Media Bot downloads the asset via aiohttp, decodes to 48 kHz mono PCM, scales volume to 60%, and streams frames to a TrackSource.SOURCE_SCREENSHARE_AUDIO track (separate from Atlas's microphone track to prevent collisions).

Supported audio types:

Type	Loop	Trigger
Hold music	Yes	Agent puts caller on hold
Ringback tone	No	Call is being connected
Busy tone	No	All agents unavailable

Non-looping audio (busy tone) automatically closes the room after playback drains.

Hold isolation¶

When a caller is placed on hold, Media Bot unsubscribes them from all other audio tracks at the LiveKit server level so they only hear the hold track. The held party is re-subscribed on unhold.

Live transcription¶

Media Bot runs STT on all human participants in the room in parallel with the Atlas conversation.

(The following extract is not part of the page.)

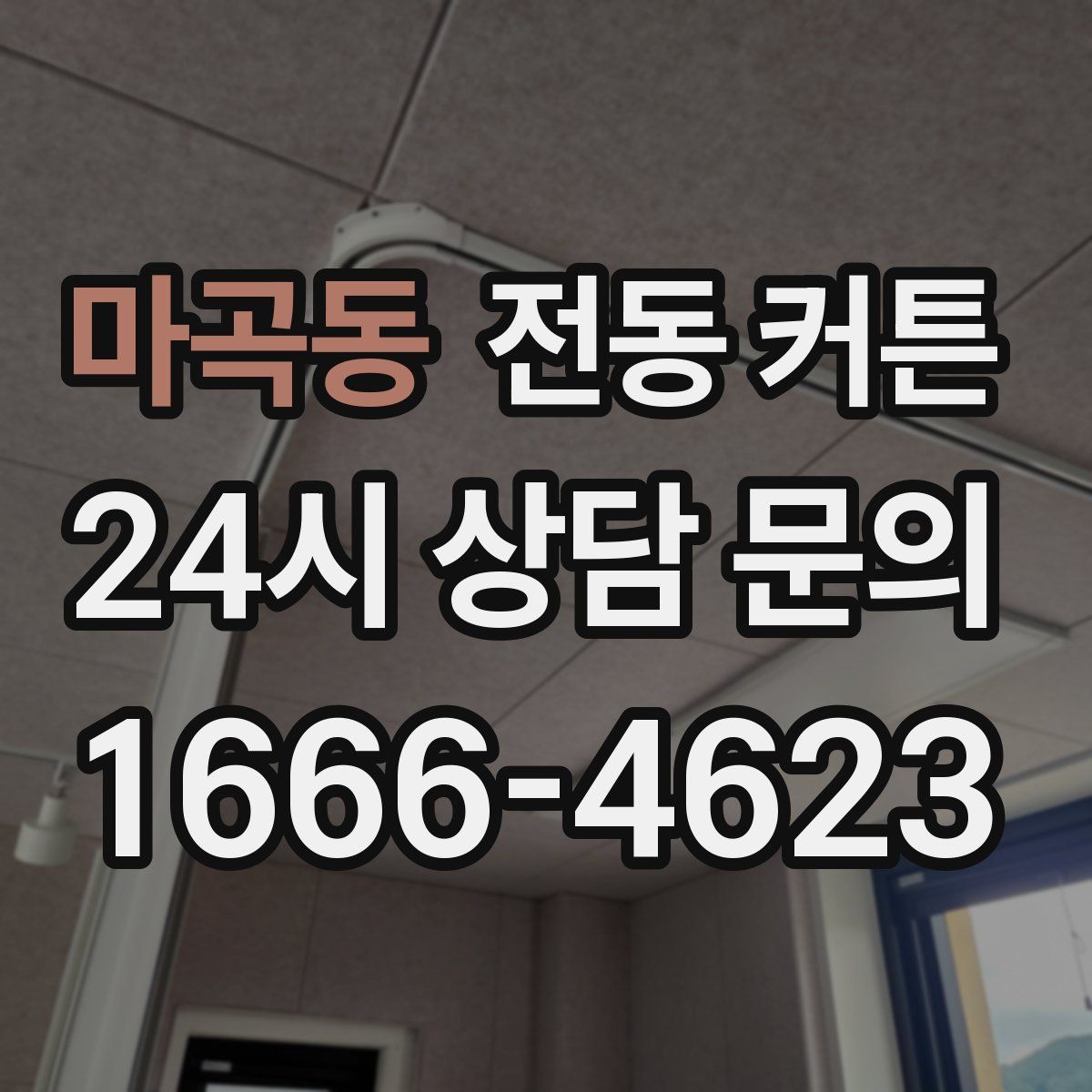 마곡동 전동 커튼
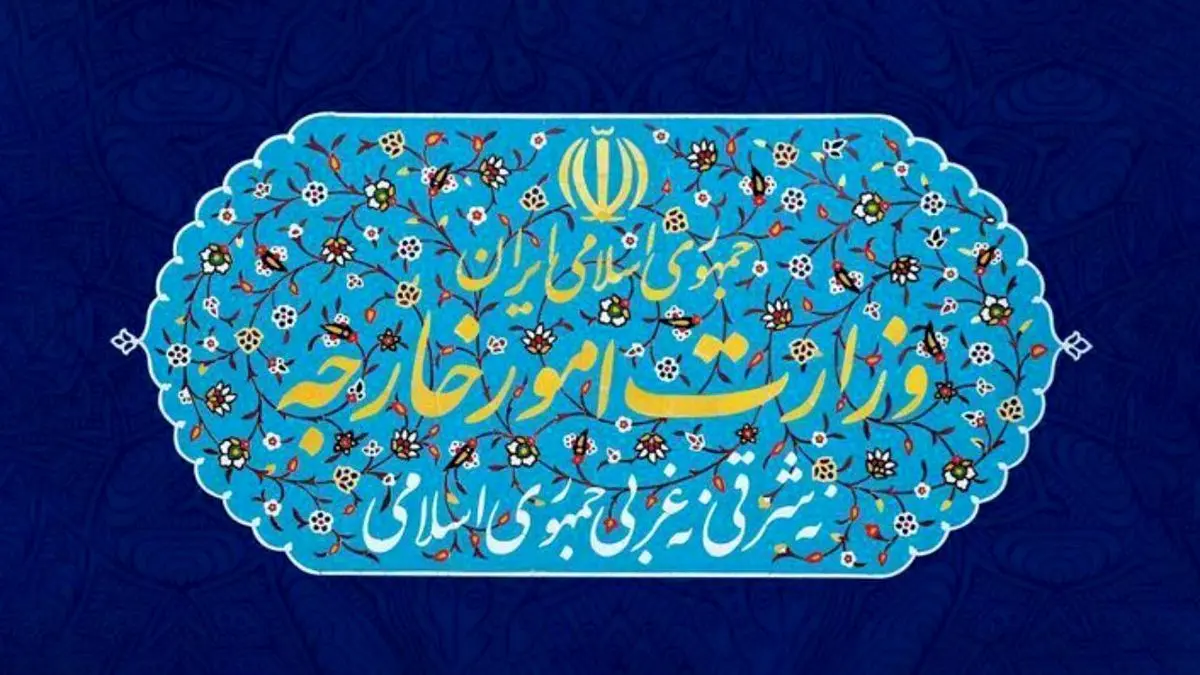 پیام‌های تسلیت ظریف و صالحی به سفیر ایران در روسیه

It selects the STT provider by language:

stt.language = "en" / "en-US" / "en-GB"  →  Deepgram nova-3
stt.language = "ar" / "ar-SA"             →  ElevenLabs Scribe v2
all other languages                        →  Groq Whisper

Call Service activates transcription by setting attributes on Media Bot's own participant:

Attribute	Value
`stt.enabled`	`true` / `false`
`stt.language`	BCP-47 language code
`stt.command_id`	UUID (deduplication)

Transcription output (FINAL_TRANSCRIPT + VADER sentiment scores) is published to the LiveKit data channel.

Media Bot vs Atlas¶

	Media Bot	Atlas
Purpose	Tones, hold, transcription	AI conversation
Audio output	Pre-recorded assets	AI-generated TTS
Audio input	All participants (STT)	Caller only
Control	Room metadata attributes	LiveKit RPC + Compass config
Track type	`SOURCE_SCREENSHARE_AUDIO`	`SOURCE_MICROPHONE`
Deployment	Light (≤ 512 Mi RAM)	Full voice pipeline

Configuration¶

Variable	Default	Purpose
`LIVEKIT_URL`	(required)	LiveKit server WebSocket URL
`LIVEKIT_API_KEY`	(required)	LiveKit API key
`LIVEKIT_API_SECRET`	(required)	LiveKit API secret
`STT_PROVIDER`	`groq`	Default STT provider
`GROQ_API_KEY`	(required)	Groq API key
`DEEPGRAM_API_KEY`	(required)	Deepgram API key
`ELEVENLABS_API_KEY`	(required)	ElevenLabs API key
`MEDIA_BOT_NUM_IDLE_PROCESSES`	`2`	Pre-spawned worker processes
`MEDIA_BOT_LOAD_THRESHOLD`	`0.75`	CPU load scale trigger
`MEDIA_BOT_MAX_RETRY`	`16`	Max connection retries
`MEDIA_BOT_PROMETHEUS_PORT`	unset	Optional Prometheus metrics port
`LOG_LEVEL`	`INFO`	Log verbosity

Deployment¶

Media Bot is deployed to the livekit namespace (separate from the dps namespace used by other services):

export KUBECONFIG=~/dok8s/dev_tunnel.yaml

kubectl set image deploy/livekit-media-bot-service \
  livekit-media-bot-service=registry.freston.io/intento/tenantator/media-bot:<sha> \
  -n livekit

Config is read from ai-secrets and ai-configs Kubernetes resources in the livekit namespace.

Smoke test: Place a call and verify a media-bot-<uuid> participant appears in the room alongside the AI agent.